Pawlak: PIT‑y zatrudnionych w 1 firmie powinna rozliczać skarbówka
Wicepremier, minister gospodarki Waldemar Pawlak uważa, że PIT-y osób zatrudnionych u jednego pracodawcy powinny rozliczać urzędy skarbowe. Resort proponuje też rezygnację z comiesięcznych raportów o stanie zatrudnienia składanych przez firmy do ZUS.
04.03.2010 | aktual.: 16.03.2010 16:18
Pawlak popiera pomysł Konfederacji Pracodawców Polskich dotyczący przeniesienia z podatnika na urzędy skarbowe obowiązku rozliczania z podatku dochodowego osób zatrudnionych u jednego pracodawcy.

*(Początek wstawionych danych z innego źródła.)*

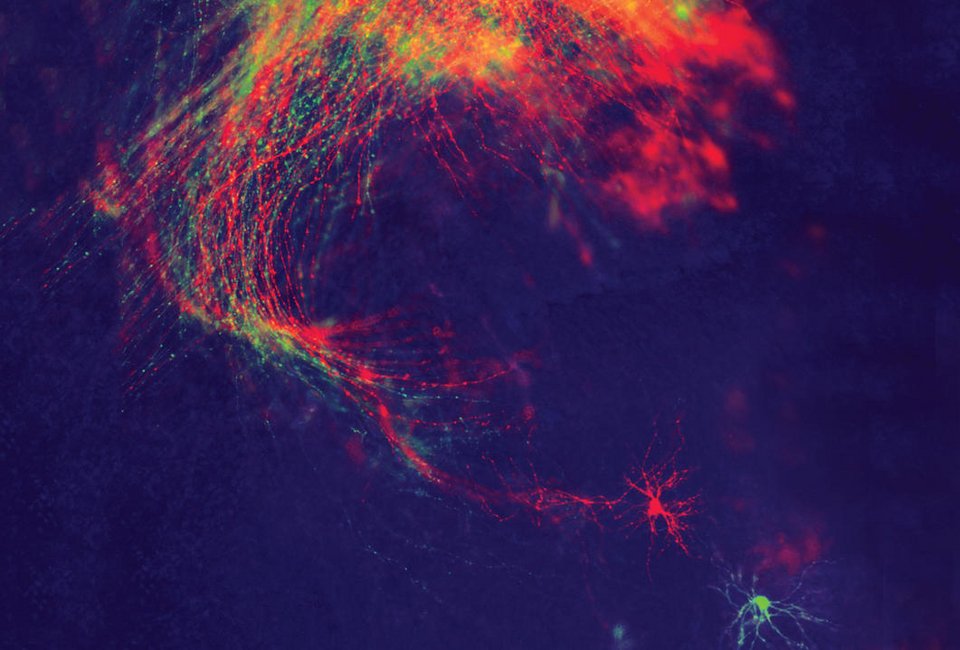 Ο άνθρωπος που χρωμάτισε τον εγκέφαλο και αποκάλυψε άγνωστες συνδέσεις και λειτουργίες του [εικόνες] | iefimerida.gr 0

- Warto podjąć taką inicjatywę, bo to niewątpliwie uprościłoby życie wielu ludziom, a dodatkowo dało możliwość uzyskania lepszych płac w urzędach skarbowych - powiedział Pawlak podczas spotkania z dziennikarzami.
- Nawet gdybyśmy mieli zapłacić urzędom skarbowym dodatkowe pieniądze, to niewątpliwie zdejmujemy wiele obciążeń z pracowników i pracodawców - powiedział. Wówczas - jego zdaniem - rozliczenie będzie miało objętość kartki formatu A5. - Podamy swoje podstawowe dane i zaznaczymy, z których ulg zamierzamy skorzystać, a resztę zrobi urząd skarbowy - wyjaśnił.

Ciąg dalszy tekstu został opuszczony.